PROBLEM TO WORK ON:
Where does the string "avec" occur in the records? Copy each line that holds it.

LISTED RECORDS:
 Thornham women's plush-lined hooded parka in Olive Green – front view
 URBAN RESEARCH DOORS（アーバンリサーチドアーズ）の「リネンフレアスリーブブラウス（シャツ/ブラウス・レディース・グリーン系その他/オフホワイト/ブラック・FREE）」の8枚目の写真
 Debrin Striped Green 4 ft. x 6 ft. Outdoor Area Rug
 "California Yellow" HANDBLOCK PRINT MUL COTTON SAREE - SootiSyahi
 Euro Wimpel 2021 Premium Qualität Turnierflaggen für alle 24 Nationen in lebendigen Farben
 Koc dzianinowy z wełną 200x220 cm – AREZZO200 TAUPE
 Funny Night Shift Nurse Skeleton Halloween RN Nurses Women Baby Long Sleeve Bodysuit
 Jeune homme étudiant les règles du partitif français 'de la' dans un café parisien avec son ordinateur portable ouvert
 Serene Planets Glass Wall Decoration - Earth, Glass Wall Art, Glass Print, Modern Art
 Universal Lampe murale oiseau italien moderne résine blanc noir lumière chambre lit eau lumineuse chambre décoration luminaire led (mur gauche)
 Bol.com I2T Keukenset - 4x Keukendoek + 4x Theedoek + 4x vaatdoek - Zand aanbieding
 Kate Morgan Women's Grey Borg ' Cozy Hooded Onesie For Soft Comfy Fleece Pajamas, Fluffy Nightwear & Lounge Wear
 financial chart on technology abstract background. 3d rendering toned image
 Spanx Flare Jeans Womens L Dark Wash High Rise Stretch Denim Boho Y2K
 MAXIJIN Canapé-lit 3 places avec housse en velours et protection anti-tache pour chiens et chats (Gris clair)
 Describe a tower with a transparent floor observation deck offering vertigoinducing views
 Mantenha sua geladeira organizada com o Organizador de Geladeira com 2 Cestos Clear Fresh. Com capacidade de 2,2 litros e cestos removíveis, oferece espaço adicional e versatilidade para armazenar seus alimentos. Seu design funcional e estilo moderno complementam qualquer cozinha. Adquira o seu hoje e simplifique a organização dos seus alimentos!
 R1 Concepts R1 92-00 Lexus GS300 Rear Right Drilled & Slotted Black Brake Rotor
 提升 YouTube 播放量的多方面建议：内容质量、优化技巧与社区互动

RESULT FOR THIS EXERCISE:
 Jeune homme étudiant les règles du partitif français 'de la' dans un café parisien avec son ordinateur portable ouvert
 MAXIJIN Canapé-lit 3 places avec housse en velours et protection anti-tache pour chiens et chats (Gris clair)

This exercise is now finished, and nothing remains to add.